# TASK BRIEF
If a line in the records below holds the word "Photo", copy it.

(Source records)
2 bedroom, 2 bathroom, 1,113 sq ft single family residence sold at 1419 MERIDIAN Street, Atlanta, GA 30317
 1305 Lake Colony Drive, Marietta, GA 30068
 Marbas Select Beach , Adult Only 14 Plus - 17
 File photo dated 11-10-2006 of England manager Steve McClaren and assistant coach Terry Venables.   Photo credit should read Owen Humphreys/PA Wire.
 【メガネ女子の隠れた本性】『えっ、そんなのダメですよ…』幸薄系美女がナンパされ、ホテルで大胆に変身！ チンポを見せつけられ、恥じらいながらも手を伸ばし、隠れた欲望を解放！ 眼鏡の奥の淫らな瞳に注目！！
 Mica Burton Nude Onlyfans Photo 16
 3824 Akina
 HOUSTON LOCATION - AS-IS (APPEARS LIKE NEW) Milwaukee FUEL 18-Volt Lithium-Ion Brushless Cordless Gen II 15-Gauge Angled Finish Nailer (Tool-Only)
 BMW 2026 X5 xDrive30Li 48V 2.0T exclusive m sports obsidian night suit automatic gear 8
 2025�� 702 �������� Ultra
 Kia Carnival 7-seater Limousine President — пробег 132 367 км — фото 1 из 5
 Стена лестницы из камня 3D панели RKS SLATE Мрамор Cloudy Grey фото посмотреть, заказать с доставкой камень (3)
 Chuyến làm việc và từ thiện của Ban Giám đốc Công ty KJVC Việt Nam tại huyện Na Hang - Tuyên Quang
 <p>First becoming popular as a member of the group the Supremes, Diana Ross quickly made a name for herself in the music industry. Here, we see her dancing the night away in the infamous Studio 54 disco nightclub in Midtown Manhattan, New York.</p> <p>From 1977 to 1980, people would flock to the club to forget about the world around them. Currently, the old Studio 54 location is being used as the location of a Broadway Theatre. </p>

# PROBLEM SOLUTION
 File photo dated 11-10-2006 of England manager Steve McClaren and assistant coach Terry Venables.   Photo credit should read Owen Humphreys/PA Wire.
 Mica Burton Nude Onlyfans Photo 16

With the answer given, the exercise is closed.